I don’t know what’s behind those poll answers for the rest of my generation, but I treat social security a lot like those rebates in electronics stores: I’ll send in the form, and if the rebate check comes back that’s great, but the rebate does not factor into my purchase decision. I understand the need for workers today to keep paying for the promises that previous generations made on our behalf; but I will also understand if the next generation decides to renege on the promises we made on their behalf.
We can’t call it retirement savings, because the money that people are paying in now is not their money. The money coming out doesn’t have to be tied to the money coming in, because the money coming in doesn’t have to be paid back until another generation.
This is how we can pretend that there is money in a “social security trust fund” when the “fund” is just a bunch of IOUs used to make current budget payments that have nothing to do with social security. Past attempts to segregate social security from the general budget have always failed, because people don’t care and politicians benefit more from spending the money now than they do from keeping it safe.
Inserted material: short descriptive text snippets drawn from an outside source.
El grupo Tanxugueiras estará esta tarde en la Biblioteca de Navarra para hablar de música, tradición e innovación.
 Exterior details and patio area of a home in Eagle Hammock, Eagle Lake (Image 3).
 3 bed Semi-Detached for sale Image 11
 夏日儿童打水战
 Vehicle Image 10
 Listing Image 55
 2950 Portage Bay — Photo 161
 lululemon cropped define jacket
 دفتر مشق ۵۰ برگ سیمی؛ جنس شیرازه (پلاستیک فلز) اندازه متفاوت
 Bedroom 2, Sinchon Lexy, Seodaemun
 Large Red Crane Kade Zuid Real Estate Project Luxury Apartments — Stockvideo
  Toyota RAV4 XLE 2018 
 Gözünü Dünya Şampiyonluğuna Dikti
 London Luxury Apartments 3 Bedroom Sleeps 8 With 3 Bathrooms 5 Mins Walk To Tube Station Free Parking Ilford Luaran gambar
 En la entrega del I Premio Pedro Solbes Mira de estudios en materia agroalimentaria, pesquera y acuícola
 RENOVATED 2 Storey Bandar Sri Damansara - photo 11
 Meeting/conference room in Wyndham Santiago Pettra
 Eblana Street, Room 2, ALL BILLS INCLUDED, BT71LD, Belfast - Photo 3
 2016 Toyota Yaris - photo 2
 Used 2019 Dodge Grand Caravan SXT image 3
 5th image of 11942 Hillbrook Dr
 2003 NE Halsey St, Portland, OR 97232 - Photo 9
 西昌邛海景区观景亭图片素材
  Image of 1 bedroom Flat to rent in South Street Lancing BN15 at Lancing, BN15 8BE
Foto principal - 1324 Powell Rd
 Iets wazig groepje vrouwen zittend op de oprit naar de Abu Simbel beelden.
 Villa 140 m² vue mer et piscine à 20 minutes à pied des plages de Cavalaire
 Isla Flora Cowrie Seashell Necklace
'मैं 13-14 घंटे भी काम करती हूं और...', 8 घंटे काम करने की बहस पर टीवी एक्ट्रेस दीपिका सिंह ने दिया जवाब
That’s part of what Bush’s social security reform is trying to change: Bush wants to partially link current payments to future benefits. This, theoretically, requires more fiscally sound policies, because those IOUs are now IOUs on actual money we as workers are saving up.
Because of this, once the change to personally-identifiable benefits takes place, current voters will be less likely to support taking that money away. They are more likely to support--with votes--keeping the government’s hands off “their savings”. And more likely to support keeping responsibility for their own benefits.
Part of the problem for Republicans is that people do think they “own” and “deserve” their social security benefits. The problem is that those benefits are not the taxes that they put in; what they claim to own and deserve are the taxes a later generation is putting in or will put in. This makes it more difficult to do Republican things such as reduce taxes, and it makes it easier to shuffle social security taxes into the general budget which makes it more difficult to do Republican things such as reduce the size of government. Each individual’s benefits aren’t coming from the taxes they put in, but rather from taxes that haven’t been paid yet.
Bush--and presumably the Republicans--are hoping that reform will mean a long-term shift towards supporting Republican values of limited government and lower taxes.
In other words, they want the next generation’s AARP to become knee-jerk Republican supporters, fighting Democrat attempts to take away seniors’ hard-earned personal accounts.
Because of this expected effect, polls don’t necessarily matter as much. Further, polls are often misleading because they generally don’t measure how votes will change. People may say that they oppose or support a particular issue, but unless they care enough about it to change their votes it doesn’t matter.
You can see the same thing with medical marijuana. Polls consistently show strong support for allowing doctors to prescribe marijuana to patients that need it, but politicians don’t care. The only voters who care enough to vote based on the marijuana issue are either (a) so wedded to Democrats that neither Democrats nor Republicans need pay attention to them, (b) felons who can’t vote, or (c) about to die anyway.
If you read between the lines, you see the same thing possibly happening here.
“It doesn't look good,” said Karlyn Bowman, a public opinion analyst at the American Enterprise Institute, a policy research organization in Washington. No recent poll shows Bush with an approval rating higher than 35 percent on Social Security, she said. “The issue is fading” she said. Voters “seem a little bored with it.”
The question is whether Bush can turn that apathy into getting the reform through, or whether supporters of social security in its current form can turn that apathy into blocking reform.
What Republicans--or at least, Bush and company--are probably hoping for is that social security benefits are currently so disconnected from social security payments that most voters, while they may say they oppose reform, don’t care enough about it to base their votes on it. It won’t change current benefits, after all. But it is the kind of change that encourages individual ownership of benefits in the future. The longer that personal accounts survive reform, the more likely that those Republican-claimed values are to resonate among job-holding voters.
And because it is social security, and because they believe in it again, voters will respond with votes.
If it works, it will be interesting to see if Republicans will actually continue to support lower taxes and smaller government. The outlook there isn’t so hot. But that itself may be part of why Bush and his ideological team are pushing for social security reform now: they want to get the voters on the Republican side before the Republican party leaves it.